The PSW Distribution System Optimization Program is patterned after the Partnership's Water Treatment Program. The Partnership partially funded a project conducted by the Water Research Foundation to develop criteria for optimization of water distribution system operation.

Area-Wide Optimization Program

The AWOP is a operated by individual states with support from EPA regions. The focus of AWOP implementation is capacity development and, like the PSW, it was initially focused on conventional treatment plant performance, principally achieving Interim Enhanced Surface Water Treatment Rule turbidity goals.

The program continues to expand into other aspects of water system operations, and some states and regions support a distribution system component. Information is available through state program contacts.

Premise plumbing

In 2005 a National Academy of Sciences panel on Public Water Supply Distribution Systems: Assessing and Reducing Risks released a report noting that  premise plumbing is a portion of the tap water delivery system that is subject to almost every problem that water system operators manage in the distribution system.

Homeowners, commercial property managers and maintenance staff at large institutions are seldom aware of the potential for water quality issues or familiar with the tools and practices to resolve such issues when they occur. The NAS panel reasoned that premise plumbing was not only a potential health hazard worth of national focus but that it was also a very valuable asset citing a national replacement value of more than $1 trillion.



EPA is developing guidance on treatment options for Legionella and has released a relevant literature review

AWWA is developing a communications guide to help water systems talk with building owners and operators about Legionella.
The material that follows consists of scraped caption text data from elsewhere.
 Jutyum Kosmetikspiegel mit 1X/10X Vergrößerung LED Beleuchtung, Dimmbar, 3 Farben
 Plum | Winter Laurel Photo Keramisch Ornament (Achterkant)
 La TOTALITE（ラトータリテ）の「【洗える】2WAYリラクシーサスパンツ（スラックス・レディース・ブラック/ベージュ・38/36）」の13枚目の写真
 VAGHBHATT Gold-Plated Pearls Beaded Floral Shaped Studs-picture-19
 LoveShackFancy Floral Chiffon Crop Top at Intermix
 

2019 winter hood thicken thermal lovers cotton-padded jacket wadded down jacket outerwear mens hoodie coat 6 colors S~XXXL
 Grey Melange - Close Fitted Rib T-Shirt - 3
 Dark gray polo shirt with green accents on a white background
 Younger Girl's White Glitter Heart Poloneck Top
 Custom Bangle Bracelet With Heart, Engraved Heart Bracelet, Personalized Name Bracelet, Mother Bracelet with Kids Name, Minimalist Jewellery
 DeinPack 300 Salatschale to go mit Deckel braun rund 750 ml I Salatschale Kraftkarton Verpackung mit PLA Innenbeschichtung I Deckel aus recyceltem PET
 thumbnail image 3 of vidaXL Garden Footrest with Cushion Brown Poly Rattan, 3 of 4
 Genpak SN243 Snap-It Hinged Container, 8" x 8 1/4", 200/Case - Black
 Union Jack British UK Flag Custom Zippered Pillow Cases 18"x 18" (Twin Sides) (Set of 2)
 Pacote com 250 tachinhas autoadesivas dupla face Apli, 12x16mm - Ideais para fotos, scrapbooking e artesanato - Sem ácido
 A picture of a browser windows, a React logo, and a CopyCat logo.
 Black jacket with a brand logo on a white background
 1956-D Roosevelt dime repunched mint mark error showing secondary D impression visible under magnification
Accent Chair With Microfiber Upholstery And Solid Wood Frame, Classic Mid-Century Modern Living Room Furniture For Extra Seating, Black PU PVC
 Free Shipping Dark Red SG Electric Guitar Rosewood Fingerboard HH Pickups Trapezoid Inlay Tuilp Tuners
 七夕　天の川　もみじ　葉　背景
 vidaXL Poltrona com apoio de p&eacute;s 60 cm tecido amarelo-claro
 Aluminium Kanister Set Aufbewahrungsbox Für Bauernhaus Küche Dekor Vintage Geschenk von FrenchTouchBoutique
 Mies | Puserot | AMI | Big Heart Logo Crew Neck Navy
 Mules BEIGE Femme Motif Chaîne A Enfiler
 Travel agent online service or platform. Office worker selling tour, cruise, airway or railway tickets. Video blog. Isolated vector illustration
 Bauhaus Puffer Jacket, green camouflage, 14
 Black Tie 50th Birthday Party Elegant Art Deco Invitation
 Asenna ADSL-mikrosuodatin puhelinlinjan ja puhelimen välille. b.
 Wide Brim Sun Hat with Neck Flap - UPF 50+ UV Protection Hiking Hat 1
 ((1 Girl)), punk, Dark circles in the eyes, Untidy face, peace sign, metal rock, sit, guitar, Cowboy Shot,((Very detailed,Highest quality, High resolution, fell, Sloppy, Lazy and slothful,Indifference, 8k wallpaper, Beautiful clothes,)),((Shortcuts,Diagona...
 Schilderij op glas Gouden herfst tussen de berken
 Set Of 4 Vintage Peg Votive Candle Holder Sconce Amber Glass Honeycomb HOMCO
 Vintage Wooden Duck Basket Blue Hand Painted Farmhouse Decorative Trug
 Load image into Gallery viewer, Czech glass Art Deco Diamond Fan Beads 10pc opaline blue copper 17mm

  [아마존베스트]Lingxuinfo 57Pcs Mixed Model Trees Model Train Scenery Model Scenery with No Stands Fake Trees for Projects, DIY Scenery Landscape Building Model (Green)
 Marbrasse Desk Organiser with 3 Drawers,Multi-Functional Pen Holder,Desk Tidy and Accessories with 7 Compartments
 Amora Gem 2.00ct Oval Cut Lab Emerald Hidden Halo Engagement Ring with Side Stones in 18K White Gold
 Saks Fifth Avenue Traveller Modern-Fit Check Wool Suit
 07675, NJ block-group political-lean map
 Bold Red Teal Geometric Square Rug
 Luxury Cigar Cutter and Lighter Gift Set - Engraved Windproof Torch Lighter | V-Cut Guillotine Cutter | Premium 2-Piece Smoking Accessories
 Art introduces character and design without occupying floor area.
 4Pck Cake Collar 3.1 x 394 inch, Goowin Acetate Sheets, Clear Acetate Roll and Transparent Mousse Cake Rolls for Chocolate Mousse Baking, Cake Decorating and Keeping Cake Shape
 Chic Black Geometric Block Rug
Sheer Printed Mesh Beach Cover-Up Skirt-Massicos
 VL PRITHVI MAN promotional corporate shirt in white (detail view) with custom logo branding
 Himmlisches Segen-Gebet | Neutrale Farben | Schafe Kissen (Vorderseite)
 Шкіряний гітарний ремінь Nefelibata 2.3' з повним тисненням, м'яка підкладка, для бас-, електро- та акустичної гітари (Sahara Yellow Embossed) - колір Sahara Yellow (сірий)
The American Society of Heating, Refrigerating and Air-Conditioning Engineers is in the final stages of preparing a standard, ASHRAE SPC 188P Prevention of Legionellosis Associated with Building Water Systems.

When finalized, it will be an ANSI-recognized standard. Moreover, the primary audience for the standard is building owner/operators (e.g., commercial buildings, hospitals, schools, etc.). This standard is unique in that Legionella pneumophila is a contaminant on EPA's third Contaminant Candidate List. Also, the standard goes to risk management associated with potable water use in premise water systems. Information on the standard is available at the ASHRAE website.